Lines before the one containing "a living room" are not copied; that line and every one after it, through the end of the material below, are printed exactly, without pictures.

◆ DATA PROVIDED
========

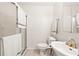 Bright bathroom featuring a shower with glass doors, a toilet, and a sink with a mirror and towel rack at 1046 Blackwood St, Altamonte Springs, FL 32701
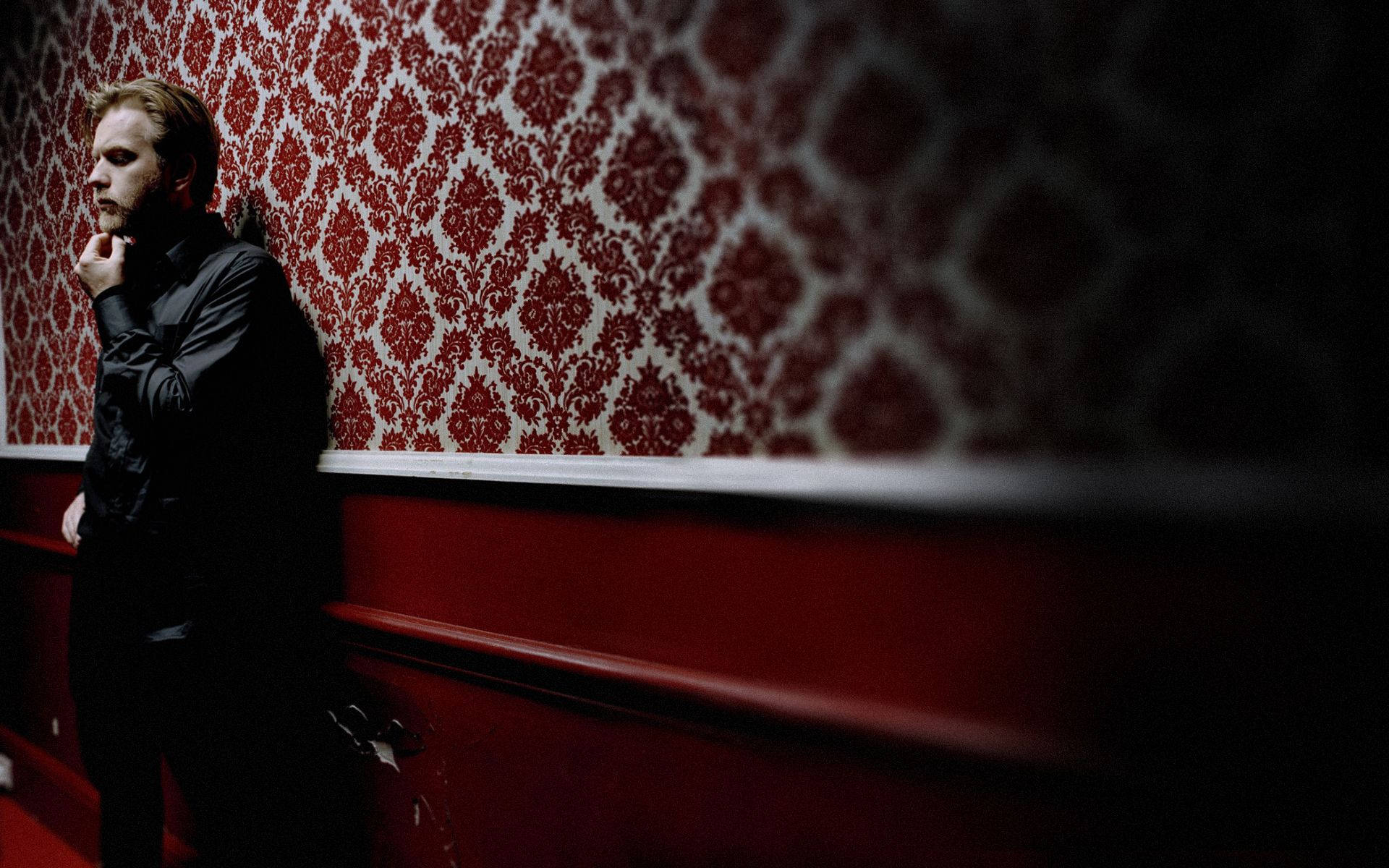 男人靠在一個光線昏暗的房間裡，牆上貼著紅白圖案牆紙。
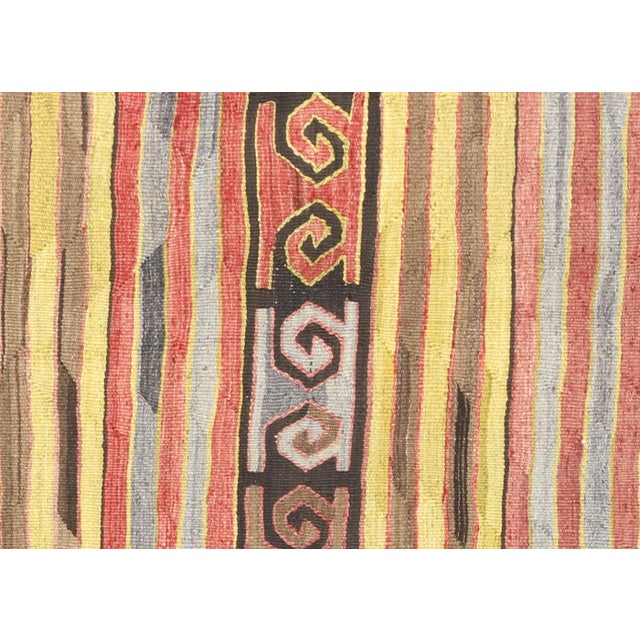 Bring a unique and traditional style to your home with this handcrafted Vintage Turkish Kilim. Boasting a classic wool-on-...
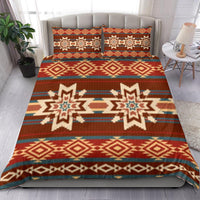 Red geometric bedding set with two pillow covers; diamond and star motifs in blue and cream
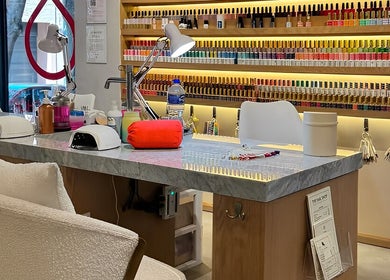 Mesa de manicura en The Nail Shop - The Brow + Lashes Bar, Ciudad De México, con esmaltes de uñas.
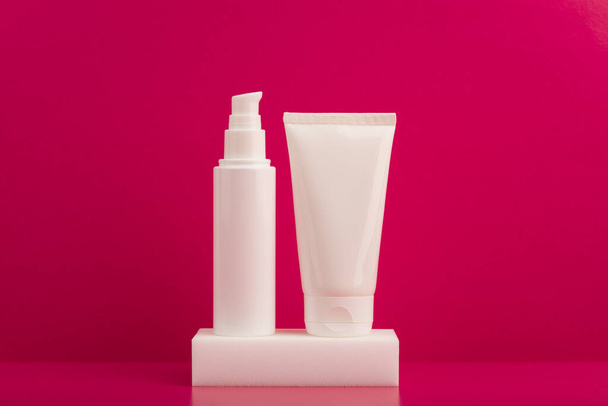 Two white unbranded cream tubes on white podium against pink background. Concept of skincare and beauty products - Foto, afbeelding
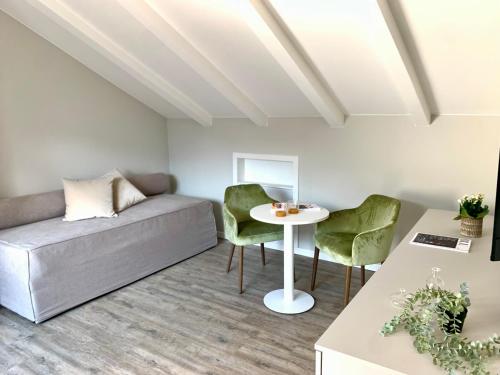 a living room with a couch and a table at Alchimia WellResort in Comano Terme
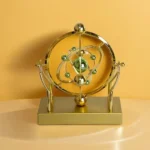 A decorative atom model with metallic spheres representing electrons and nucleus, mounted on a gold-colored stand, ideal for science-themed decor or educational purposes.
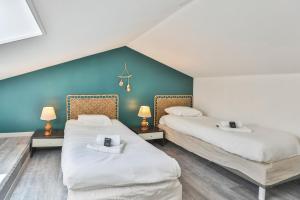 Maisons de vacances La tranquilite bleue - Maison avec Parking cloture : photos des chambres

========

◆ ANSWER SPACE
 a living room with a couch and a table at Alchimia WellResort in Comano Terme
 A decorative atom model with metallic spheres representing electrons and nucleus, mounted on a gold-colored stand, ideal for science-themed decor or educational purposes.
 Maisons de vacances La tranquilite bleue - Maison avec Parking cloture : photos des chambres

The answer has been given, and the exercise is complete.